Well, peeps, I am really happy to write that the Request Gown is finished and happily delivered. Oy! What a learning and stretching process this was. At many times during the last hours of work on it I thought, “If this was for me, I’d have wadded it a long time ago.” But I couldn’t. I had to figure it out, problem solve and make it work for this morning, when it was due! Which is a good thing, because it pushed me outside my comfort zone and into areas that were really very s-c-c-a-a-r-r-y! And I learned that I really love/hate the challenge of making something work. Love it because it’s new and interesting; hate it because it makes me work and cry and realize the craters in the surface of my sewing skills.
The dress is actually a lot darker than the photo – a French navy – which is so close to black that it photographed like black: impossibly. The fabric is a heavy poly crepe, but one of those super nice ones with excellent weight and drape.
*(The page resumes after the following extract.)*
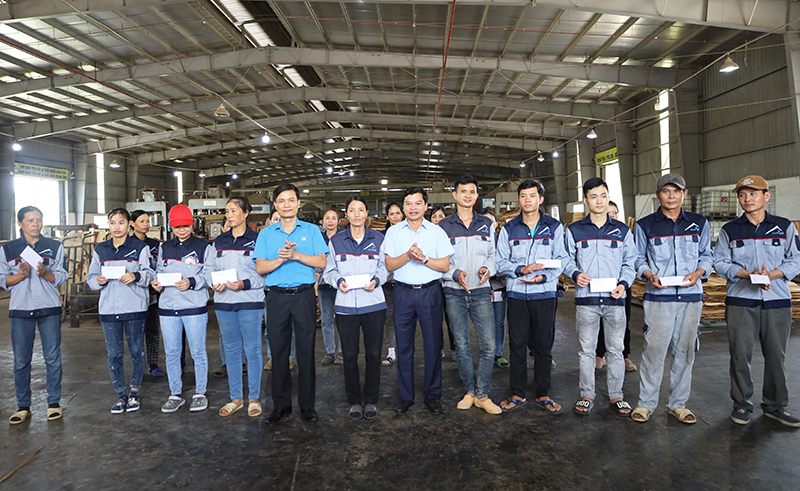 Đại diện lãnh đạo LĐLĐ tỉnh và Ban Quản lý Khu Kinh tế tỉnh tặng quà cho ĐV, NLĐ có hoàn cảnh khó khăn.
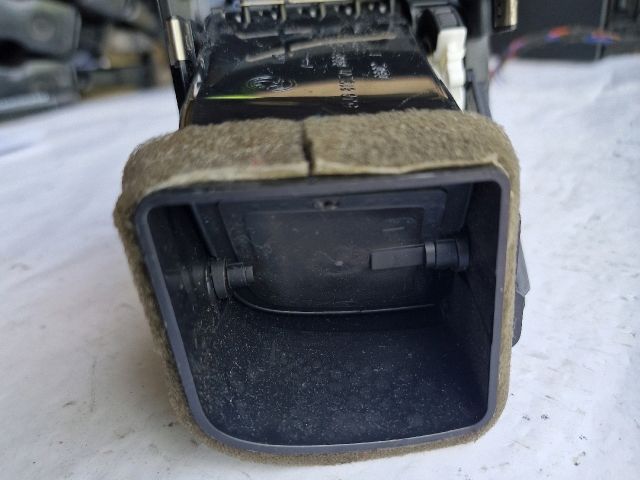 bontott SKODA FABIA II Bal Szellőző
The front and back are mirror versions: draped with pleating pulled into a circular inset at the left waist and draped/pleated fabric on the right shoulder. It has a side zip on the right side which was simple to insert as the seam is a plain seam. (whew!) There is also a thigh-high slit over the front of the left leg, and this is where my grief began. I needed to have 7 button/loops at the top, and didn’t want a seam running down the side of the skirt from the bottom of the inset only. It would have been ideal to do it like that and later on when the hemline went all AWOL because of the drape/grainline I really wished I’d cut it as two pieces. But I decided to treat it as an extra-long welt with the loops at the top. Here’s my process, for those who are interested, beginning with the marking of the slit line.I stitched with a 1.2 stitch length, 1/8″ on either side of the markings, up the side that would hold the button loops until about 2.5″ from the top of the slit.
Basted my bias loops together into one piece. I like working with little fiddly loops, by the way. The first time I ever did a dress with loops I was about 14, and I was hooked.
Pin basted them into place.
Lay the facing over the loops, stitched up to the top of the slit.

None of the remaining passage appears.